Q: So Brenda, how did you end up at SCO? 

Brenda, hard at work, 1986.

A: During my last few months of high school, I took a “State” typing test. At the time my mother, who was a long time employee at Extension Duplicating (now known as DoIT Printing Services), was encouraging me to get a job with the “State”. I ended up getting phone calls from various departments on campus for interviews (hah, just had to sit back and let them contact me). After I had my interview at the State Cartographer’s Office, I remembered I really wanted to work here for a couple of reasons. The Office was located in an old historic building, I would have my own office, the Memorial Union was across the street, and State Street was only a block away. When I got the phone call, I excitedly accepted the offer and started three days later on July 16, 1979.

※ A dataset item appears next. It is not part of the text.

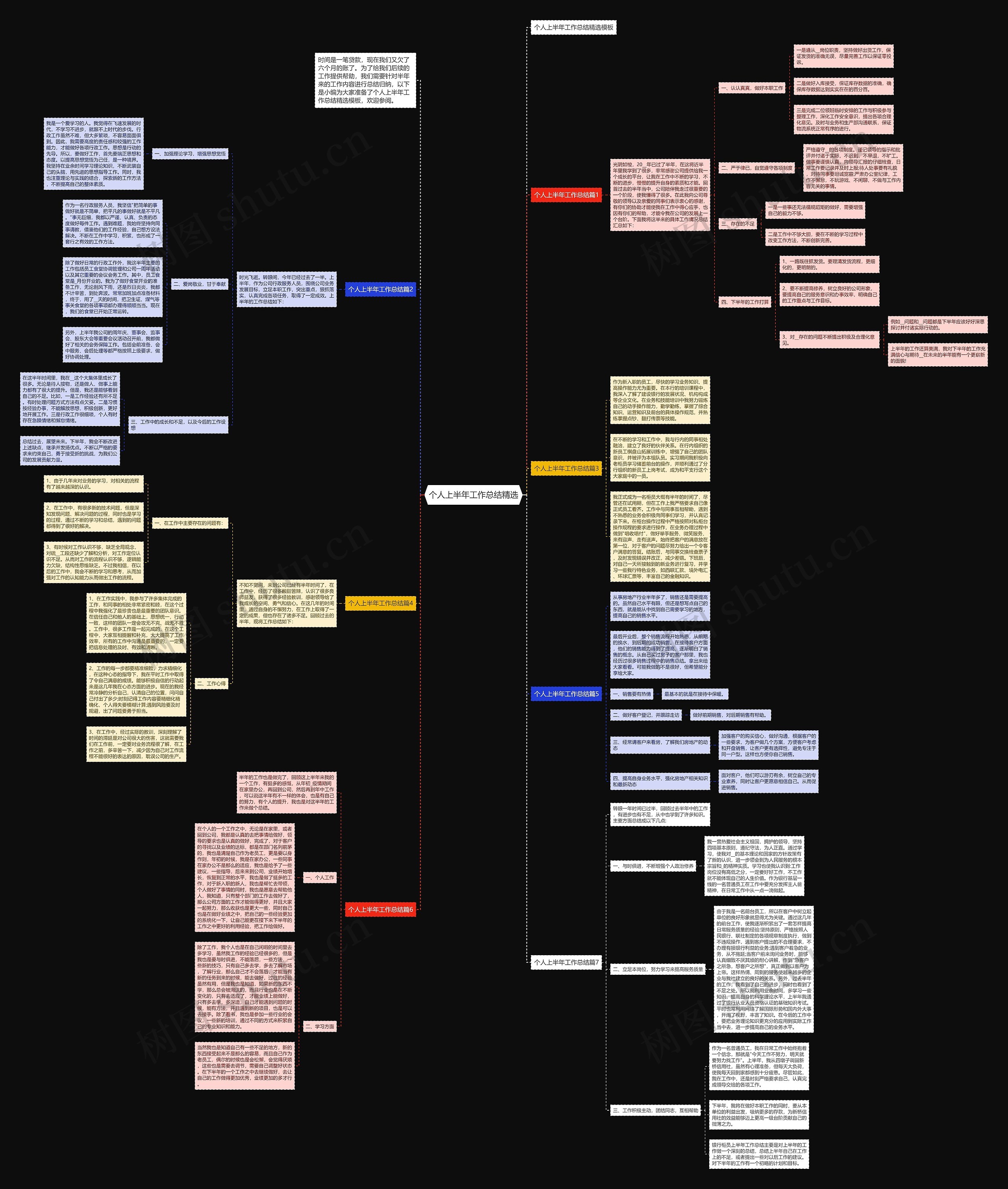 个人上半年工作总结精选思维导图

Q: What were the early days at SCO like?

A: Oh boy, the early days! When I first started, I really didn’t have a clue what a cartographer was or did. I was as green as grass! The Office had only existed for five years and I believe I was the first full-time receptionist/typist. In addition to myself, there was the Assistant State Cartographer, Christine Reinhard, the State Cartographer, Art Zielger, about six student hourlies, and three project assistants. We were located on the first floor of Science Hall in the offices now occupied by the Geography Department’s administrative staff until we switched places in 2004. I was first located in Room 155 and all our students were cooped up in Room 170 with light tables. None of our offices had air conditioning… Science Hall got hot and muggy when summertime rolled around! I started out using a typewriter (non-correcting, that is) and used carbon paper to have a copy on file of the letters I typed. I can’t tell you how happy I was to get a self-correcting typewriter years later. However, if we needed to make copies of correspondence, I had to go up to the third floor to get an Auditron (to track our office copy usage) and then go up to the 4th floor where the Geography Department’s copier was located. I did this many times a day (ugh). Let me see, oh yeah, there was always a risk of being stuck in the elevator. Back then the elevator wasn’t all that reliable – several times a day it would get stuck and you’d hear the buzzer blasting from the folks inside pressing the alarm. Fortunately, I never got stuck in it. Another duty I just loved to do (NOT) was having to mix/add chemical solutions (fixer and developer) when using our VariTyper for lettering, using rub-ons for special text, and lettering for our various printed publications. It’s amazing for some of us “old timers” to look back at how things were done before computers and automation!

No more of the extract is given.